Young Adult (YA) fiction is written for varying age ranges — teenagers, 13--17, 14--21-- the definition changes depending on who you ask (Knickerbocker et al. 3--5). As opposed to a singular genre, YA fiction encompasses the experiences of adolescence and spans a variety of areas. Most prominent among these include science fiction, fantasy, historical fiction, and romance. Popular topics are subject to the period in which they were published, but generally include coming-of-age, culture, mental health, drug use, and family issues, among others.
In spite of the rise of literature aimed at adolescents over the last decade and the large number of blockbuster films that grew around them, there still remains little consideration for the genre among audiences and writers both. It comes and goes in trends and trendiness, and is a category often given the shortest audience lifespan, where readers often tend to "outgrow" the style and use it as a gateway to more mature writing.
But isn’t there a specific value to writing made just for the most tumultuous years of our lives? Isn’t there something special to finding the unique experiences of adolescence reflected in print?
The young adult genre caters to the singular experience of the search for identity in the development into adulthood. The diverse, respectful, and responsible writing for this audience is made valuable through sheer relevance to the lives of its audience.
Young adult literature belongs in the classroom because it is about the human condition known as adolescence. And young adults, who are in the utter midst of the adolescent chaos, need to know that it is survivable. YA does that.
(qtd. in Roberts)
Literature has always been both a window and a mirror that sees into and reflects individual experiences, a feature of utmost importance for a genre uniquely targeted to such a niche audience. It is a tool by which young adults can form their own personal opinion, find idols and role models, and build values by which they will enter adulthood and citizenship (Knickerbocker et al. 33). Characters in YA literature often tackle the same problems and issues faced by all teenagers, including conflict, challenges, and first love; most prominent and recurring among these themes is the concept of identity.

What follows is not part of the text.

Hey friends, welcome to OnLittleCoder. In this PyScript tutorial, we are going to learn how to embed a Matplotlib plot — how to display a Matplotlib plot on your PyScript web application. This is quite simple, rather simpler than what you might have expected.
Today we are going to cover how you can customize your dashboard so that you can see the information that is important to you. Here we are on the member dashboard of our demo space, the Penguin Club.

Readers will note that in the Young Adult genre, and especially those by Indigenous authors, themes surrounding the search for identity are particularly prominent and often recurring. This theme takes place not only in the fiction these audiences might encounter but also in their own lives; YA fiction has the power to speak to the small but struggling readership, and providing these books, especially those written by and for a minority, can give a framework to pass the obstacles on the path into adulthood.
It is important for children and young adults to see themselves in the media they consume; as minorities in real life, on screen and on the page. This importance cannot be overstated for Indigenous people and other under-privileged people around the world. Not only for Aboriginal children but for those of European descent as well, the positive and truthful depiction of Indigenous people and people of all minorities can directly contribute to further knowledge of these groups; this knowledge can lead to understanding, and from understanding to acceptance with an open mind (Groenke & Scherff 95).

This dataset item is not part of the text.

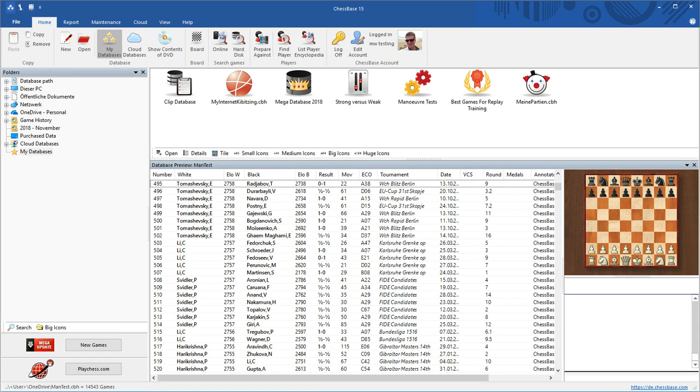Hello! Here I would like to show you the new search for tactical motifs in ChessBase 15. In the new version of our program, you can now search for all common tactical themes or motifs.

For far too long we have seen the effect of negative stereotypes on ethnic and social groups, and media is more often than not to blame for reinforcing these unfavourable depictions. Tropes such as the heroic white lead, his damsel in distress, the noble savage, and the overtly sexualised women of colour are a few of the countless stereotypes which remain in mainstream media to this day, leading to belittled self-esteem in minorities and prejudice within privileged individuals (Metzger et al. 57).
Stories created by Indigenous people can generate genuine and trustworthy portrayals of contemporary and historical minorities, which have in the past been continuously misrepresented. In an attempt to give Indigenous Australians the representation they need and deserve, the Australian Curriculum is working towards addressing two distinct needs in Aboriginal and Torres Strait Islander education:
Those teaching English hope to inspire a love of reading in their students, yet unfortunately it is the age range of young adults out of high school (18-24) which sees the sharpest decline in reading for pleasure. A study by Rycik and Irvin (2005) found that developmental, literary, and social significance were the three factors which resonated with and attracted young adults to literature (in Knickerbocker et al. 30-41).
Research suggests that these background experiences and cultural influences affect the way students respond to literature; by providing a bridge between these diverse backgrounds and their education at school, students are more deeply engaged and find relevance and interest in their work (Knickerbocker et al. 35). When teachers use literature relevant to the lives and background knowledge of their students, readers gain a stronger engagement with the works, and are able to connect the fiction with what they know and have experienced.
Diversity in the curriculum offers students the potential to gain further knowledge and understanding of previously unknown backgrounds (Groenke and Scherff 94). As young members of society, teenagers are open to the influence of media, and how media informs the way we understand other identities beside our own. Without truthful and authentic depictions of minorities in the media they consume regularly, there is no opportunity to challenge preconceptions and begin to appreciate differences.